La mangereste una bistecca che costa 10 € al chilo anziché 20, ma che è stata prodotta dando ormoni e antibiotici ad un bovino? Lì per lì, quasi tutti diremmo di no. Ma quando questo succederà, e cioè forse nel giro di un paio d’anni, cosa accadrà davvero?

Sì, perché questo potrebbe essere uno degli esiti dell’approvazione del TTIP, il Trattato transatlantico sul commercio e gli investimenti. Si tratta di un accordo, su cui si sta discutendo dal 2013, fra Europa e Stati Uniti per azzerare i dazi doganali e, soprattutto, per annullare gli ostacoli posti da normative differenti su generi alimentari, farmaci e investimenti finanziari.
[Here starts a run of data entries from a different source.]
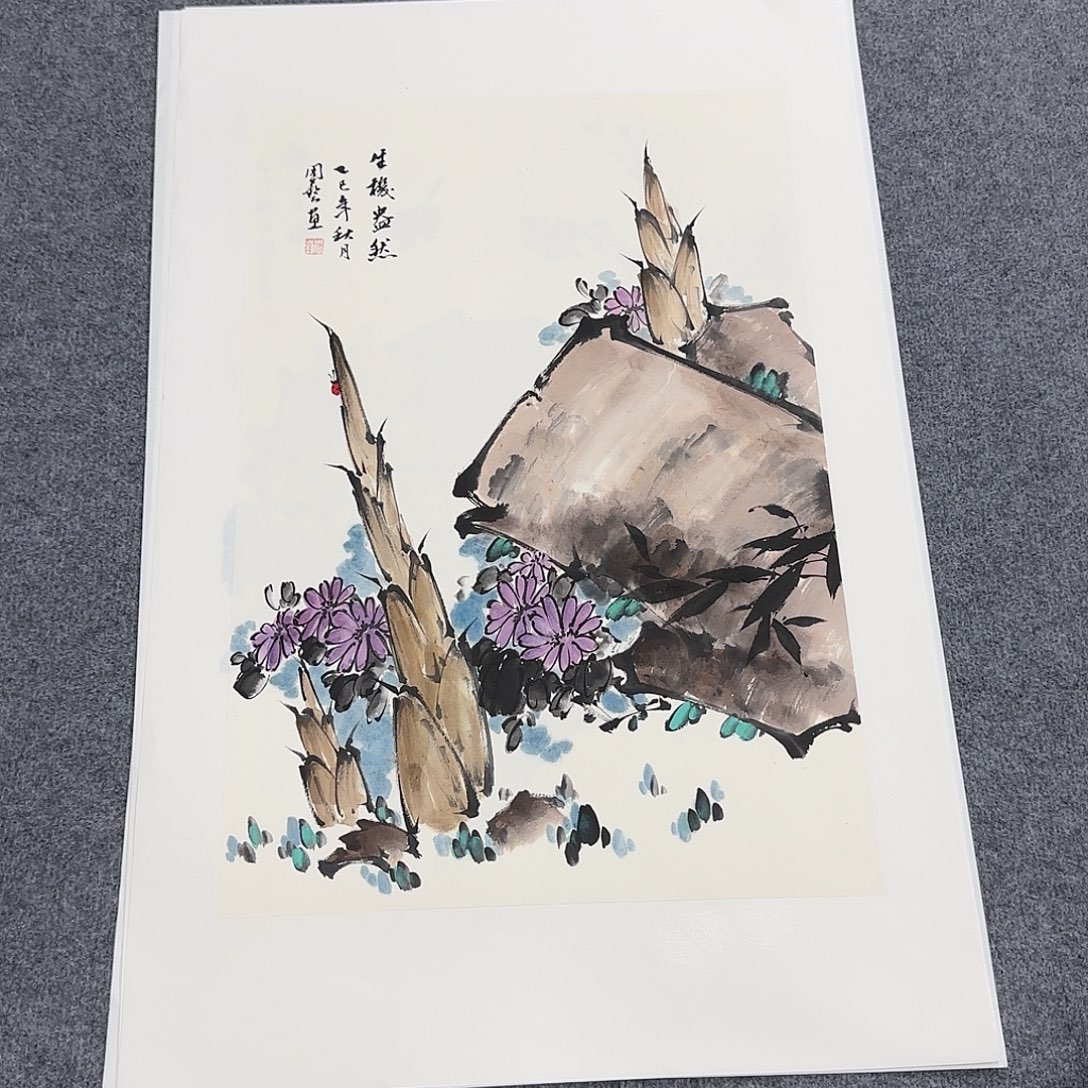 国画68*45纯手绘周艺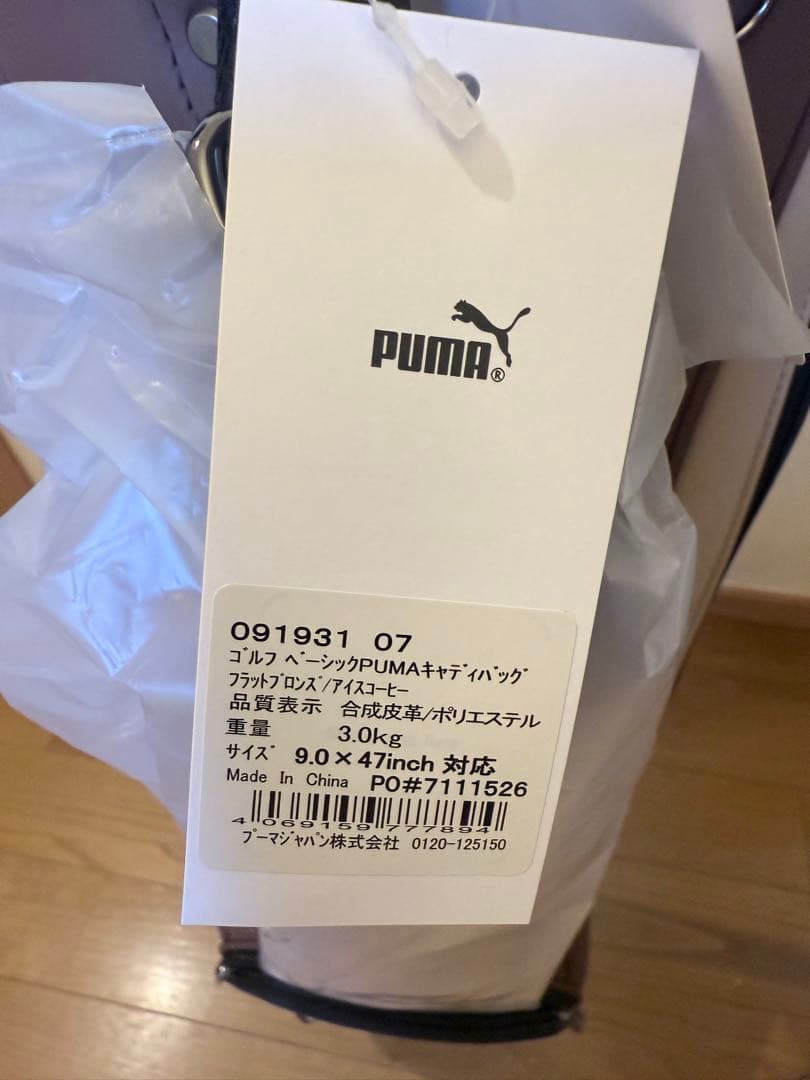 PUMA キャディバッグ ブラウン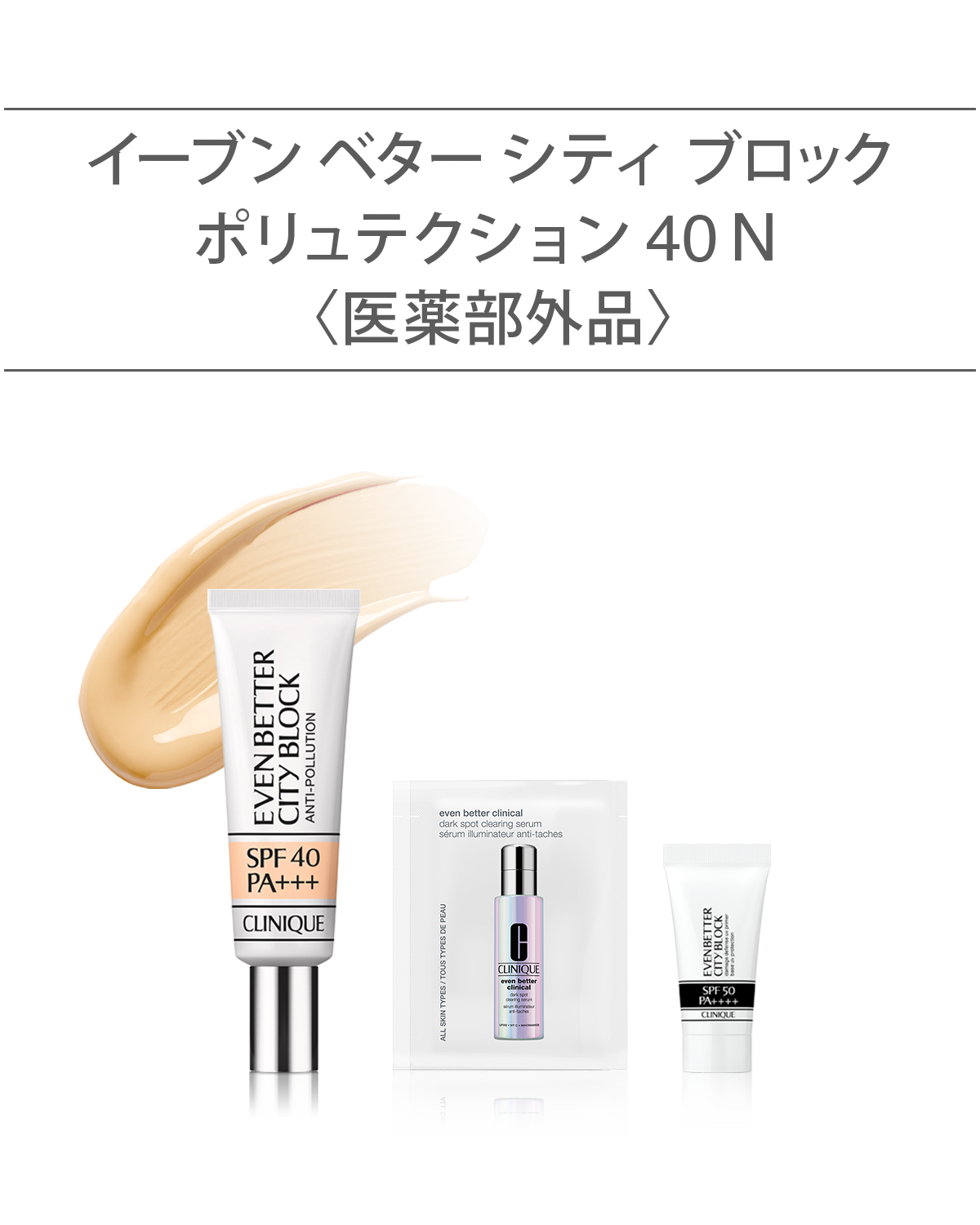 EVEN BETTER BASE MAKE UP SET〈CITY BLOCK ANTI-POLLUTION SPF 40 N〉_2026.05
L’obiettivo è cioè di appianare le differenti regole, che impediscono a un prodotto americano di essere venduto in Europa e viceversa solo a causa di normative diverse. Di per sé l’idea è buona: è come arrivare a parlare una stessa lingua anziché due; ovvio che ci si capisce subito e tutto va meglio. È come avere l’euro anziché tante monete diverse: si gira il continente e si compra o si commercia senza fastidiosi cambi di valuta.

Secondo i fautori del TTIP, a trattato operativo ci sarà un aumento degli scambi commerciali, con conseguente crescita dell’occupazione e della ricchezza. Probabile. Ma quale occupazione? E più ricchezza per chi?

E le tutele per tutti cresceranno o si allenteranno? Queste le domande su cui si gioca la partita del TTIP. Se in nome della liberalizzazione si arriverà a vendere le bistecche agli estrogeni o il mais «perfetto» grazie ai fitofarmaci, sia pure a buonissimo prezzo, non c’è da rallegrarsi. E chi diventerà più ricco? Il titolare di un caseificio di Rovigo e un’azienda vitivinicola di Udine oppure la multinazionale statunitense o tedesca?

La risposta sembra chiara e non conduce verso l’equa distribuzione della ricchezza. Oltretutto, tra le pieghe del trattato c’è anche l’introduzione delle cause per “perdita di profitto”, da intentare da parte delle imprese contro i governi che regolassero produzione e commerci in maniera restrittiva.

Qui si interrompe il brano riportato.